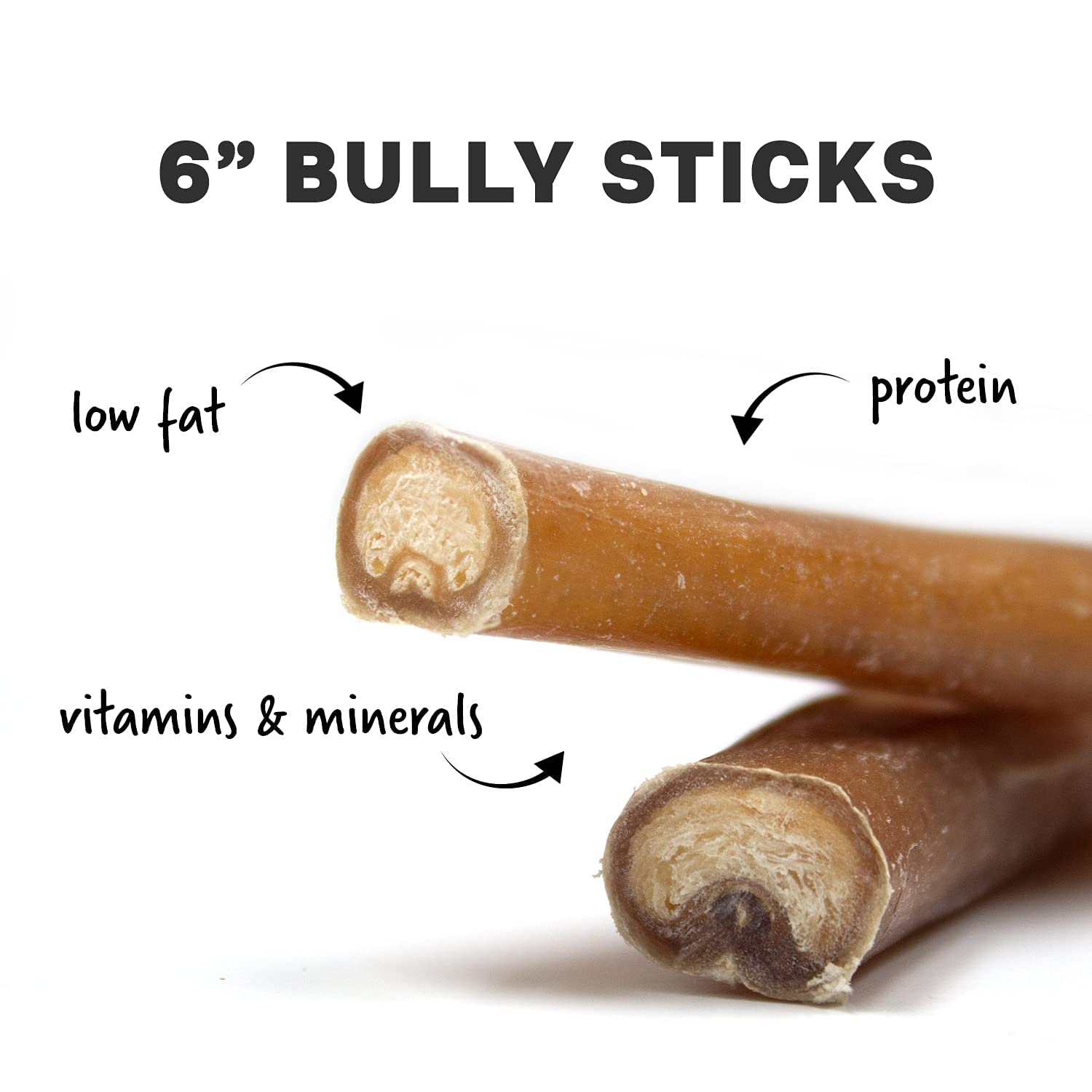 Downtown Pet Supply 6-inch Bully Sticks for Dogs, Pack of 10 - Single Ingredient, Nutrient-Rich and Odor Free Bully Sticks for D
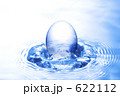 水のイメージ
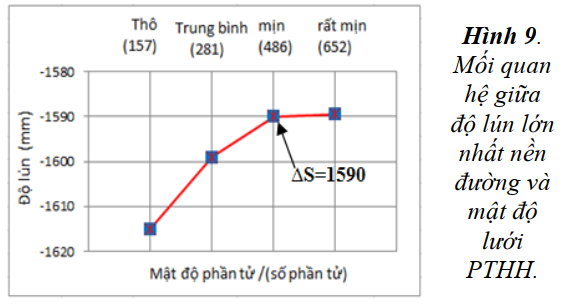 Mô hình hóa nền đường dẫn vào cầu gia cố bằng hệ cọc xi măng đất kết hợp với vải địa kỹ thuật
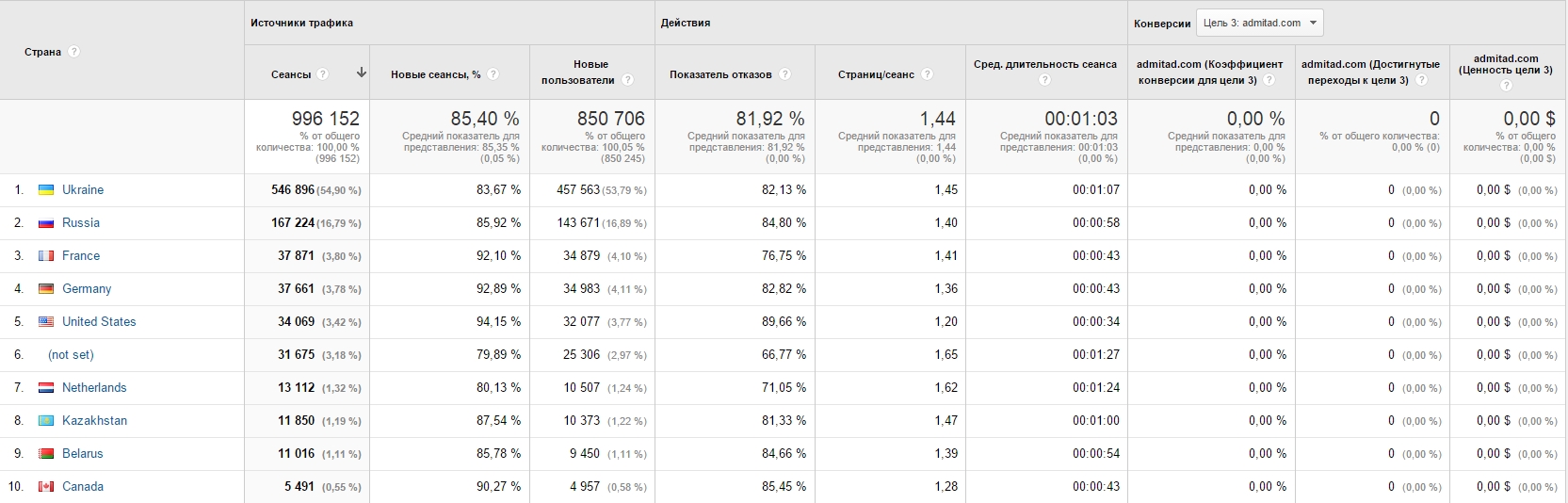 Google-Metriken Показатели Google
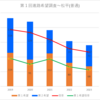 【2023(2024春入試)】松平(普通)～第１回進路希望調査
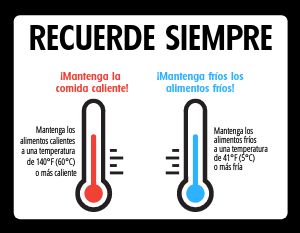 Temperature Safety Flyer (Spanish)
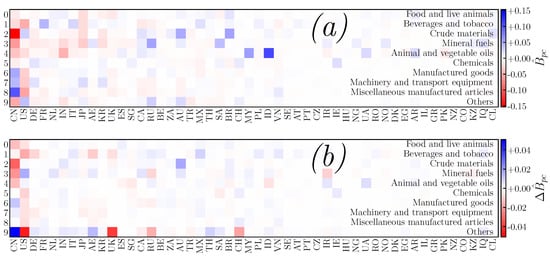 Entropy 24 00327 g0a3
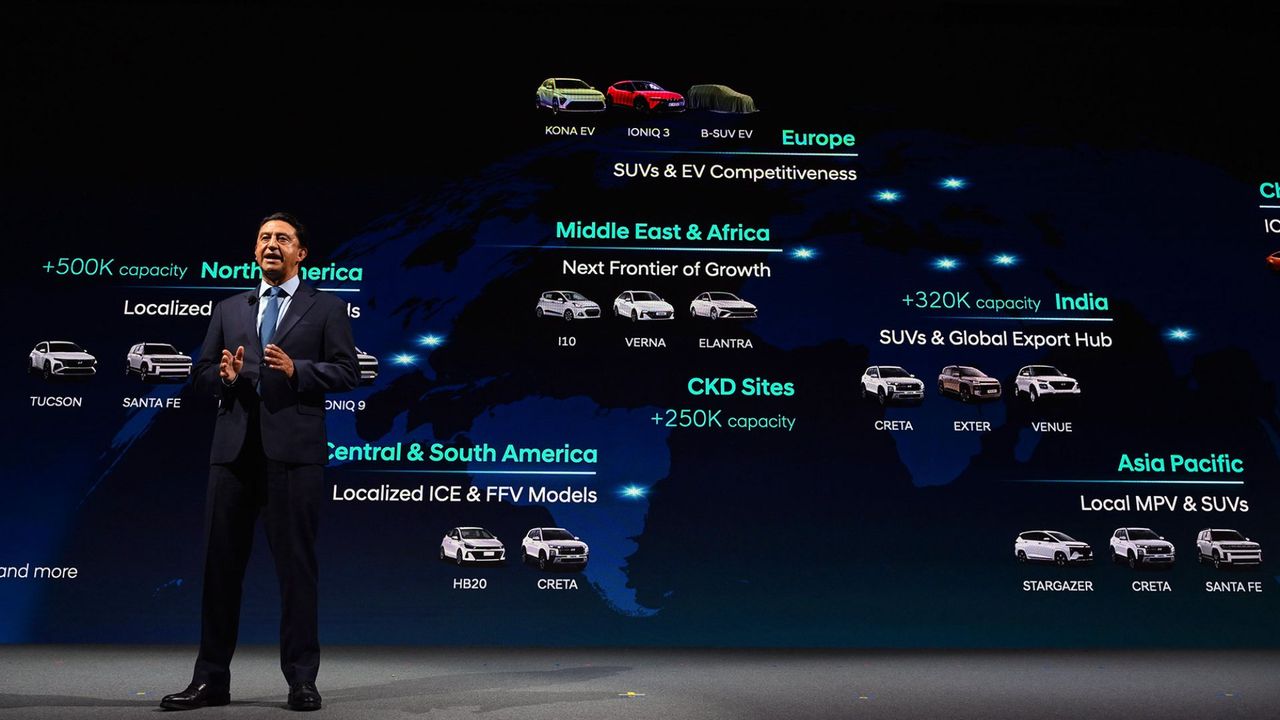 Hyundai ska släppa över 100 nya bilar innan 2030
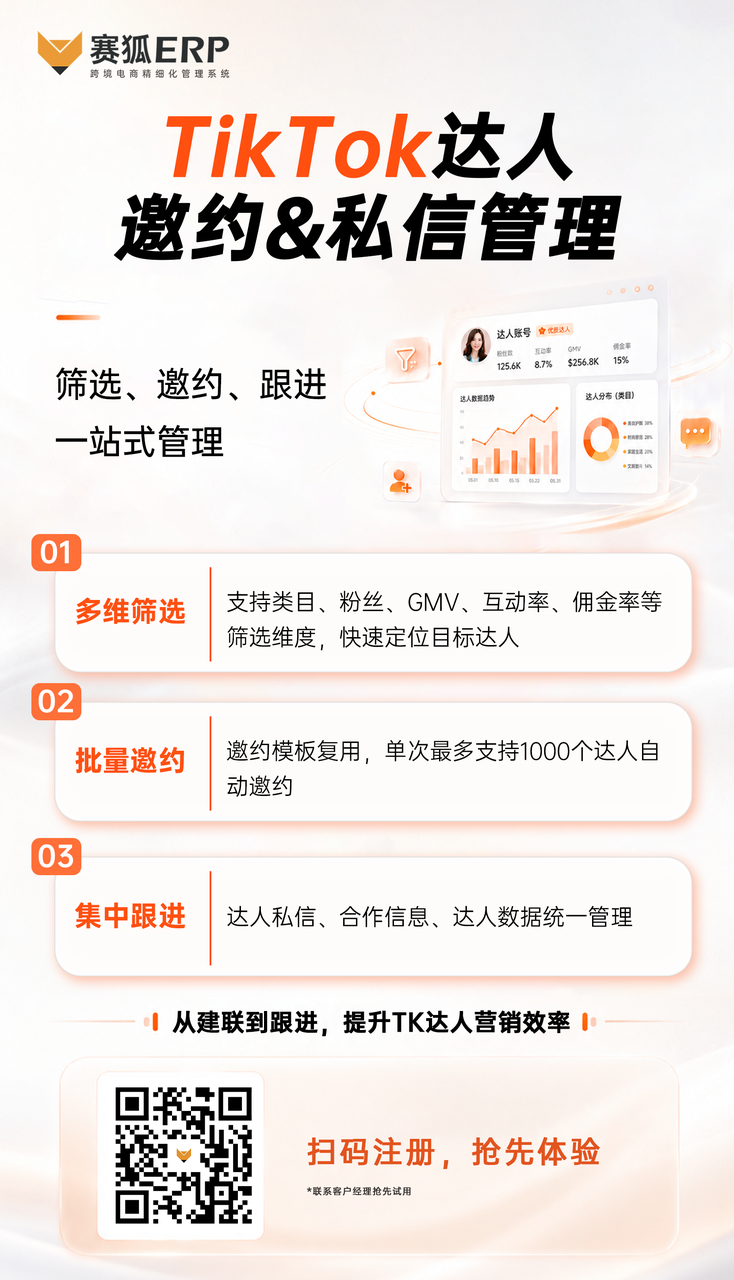 TK达人管理工具赛狐ERP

Exercise aim:
Repeat exactly the lines above, from the line containing "Google-Metriken Показатели Google" through the last line of the records, inclusive; omit any pictures.

Answer space:
 Google-Metriken Показатели Google
 【2023(2024春入試)】松平(普通)～第１回進路希望調査
 Temperature Safety Flyer (Spanish)
 Entropy 24 00327 g0a3
 Hyundai ska släppa över 100 nya bilar innan 2030
 TK达人管理工具赛狐ERP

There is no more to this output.